As gralhas da rádio e o homem endeusado
De vez em quando o Monge houve rádio, assim como, de vez em quando, lê jornais e vê televisão. Já o fez com mais frequência, admite-o. Por vezes, o Monge preocupa-se com esta sua postura perante a comunicação social. Mas, após ligeira meditação terapêutica, voluntariamente remetido a locais de altitude e isolamento aconselháveis a tal actividade, reconheceu a origem de tal comportamento, aparentemente fora do vulgar.

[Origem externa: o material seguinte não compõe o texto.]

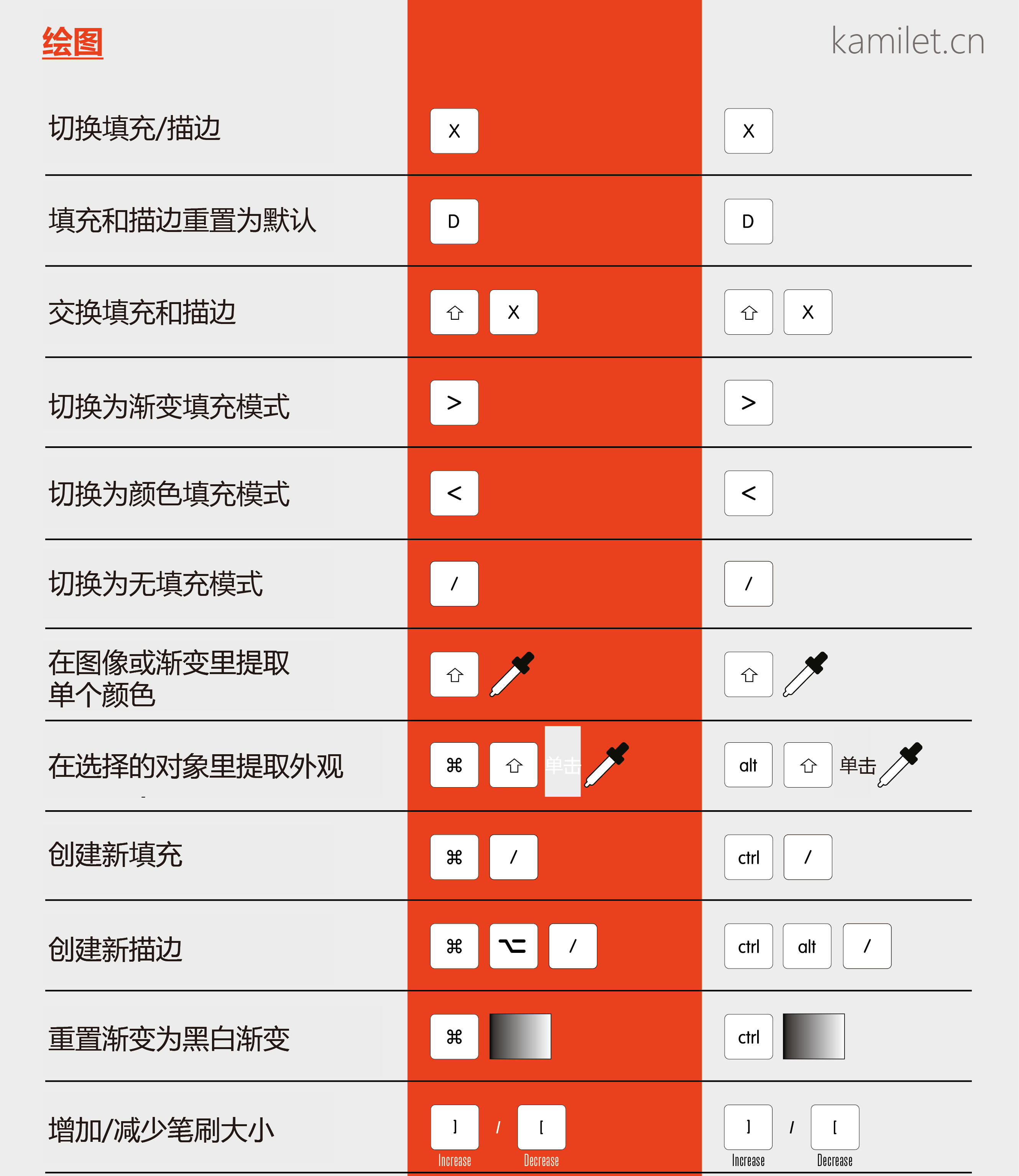 macbook快捷键_快捷键怎么设置_macbook截图快捷键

O que ele faz é psicologicamente considerado como uma atitude de auto-defesa contra uma espécie que, devido a intervenção irreflectida do Homem sobre o seu habitat natural, tem proliferado de forma inusitada: as gralhas da rádio.

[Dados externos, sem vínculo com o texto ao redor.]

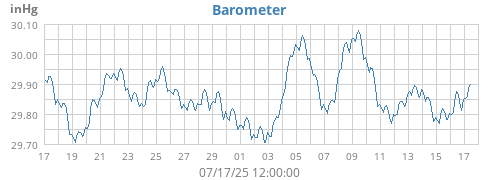 monthbarometer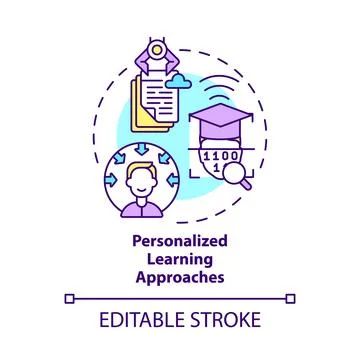 Personalized learning approaches concept icon Stock-Illustration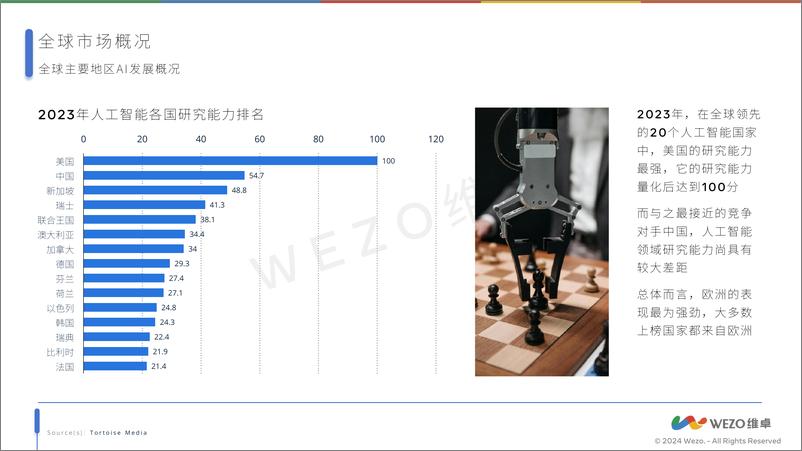 《2024全球人工智能行业报告-维卓-37页》 - 第8页预览图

O Monge tem tanto azar que, quando liga a sua frequência habitual, lá estão as citadas gralhas, com o seu grasnido arrepiante. Falam de tudo. Nada escapa ao seu vozear esganiçado. Menos a gripe das aves. Desta vez, a postura de auto-defesa é a delas. Pois não vão veterinários zelosos colocá-las de quarentena, ou usar metodologias mais drásticas e danosas da sua integridade física.

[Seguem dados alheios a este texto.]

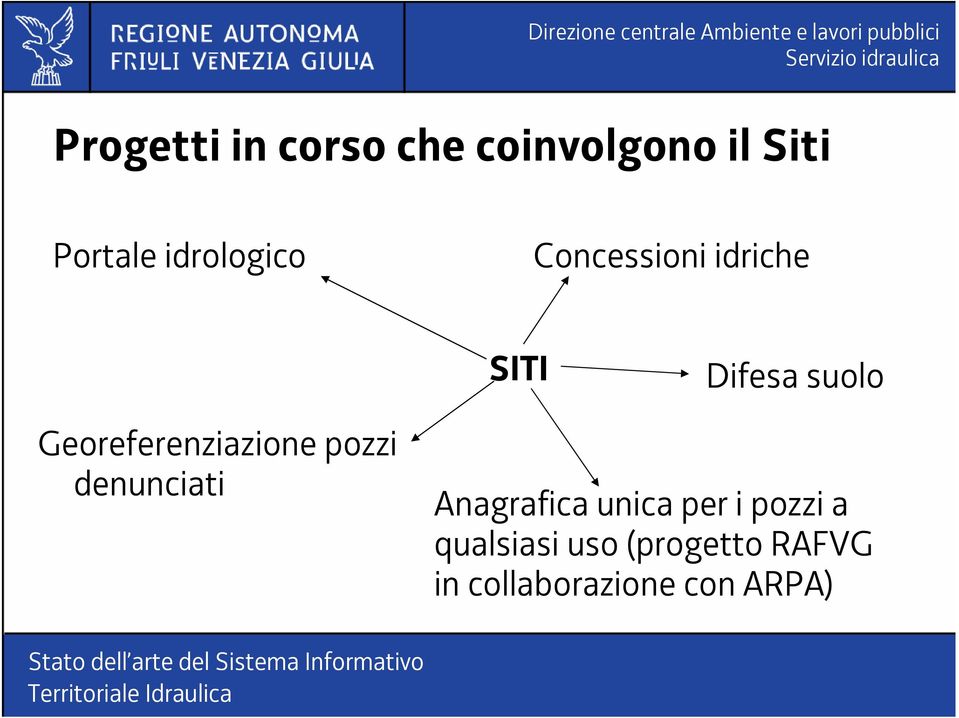 Georeferenziazione pozzi denunciati Anagrafica unica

Pior que o comentário individual de uma destas gralhas, programado ao cronómetro, é uma conversa em família. Eles são gritos, gargalhadas, ditos pretensamente espirituosos, voláteis na sua superficialidade, parciais monólogos colectivos, de uma miopia reducionista que mete dó.
Eis que aconteceu a apresentação de um determinado candidato presidencial, no culminar de um tabu tão prolongado que deixou de o ser.
Pois não é que as citadas gralhas, pousadas em bando no costumado programa radiofónico, desatam a bajular desavergonhadamente o dito? Pois digo-vos que o Monge gargalhou sozinho como já há muito não o fazia.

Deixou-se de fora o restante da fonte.